1. Introduction
In the context of the Secure Manager, an RTOS can be used. In this article, we will explore how an RTOS can be used with the Secure Manager, with a focus on the mechanism provided to ensure secure thread-safe calls. To do this, we will take the example of a non-secure application like SMAK that uses the Secure Manager service. We will see the differences to implement for the non-secure application to use the Secure Manager in multi-thread.

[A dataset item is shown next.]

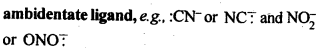 Solutions Class 12 Chemistry Chapter-9 (Coordination Compounds)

The different steps and prerequisites to integrate a non-secure application with the Secure Manager can be find here Security:Secure Manager STM32H5 How to Intro - stm32mcu which details: Secure Manager installation, non-secure application development, firmware update, etc.
2. Implementation example
2.1. Thread-safe secure calls
We will have to protect the API calls. There is a mechanism in the middleware that allows interfacing with the secure-manager. This mechanism, based on functions defined as __weak, will have to be re-implemented by integrating our protection based on mutexes. The use of mutex as a mechanism to synchronize access to the PSA API.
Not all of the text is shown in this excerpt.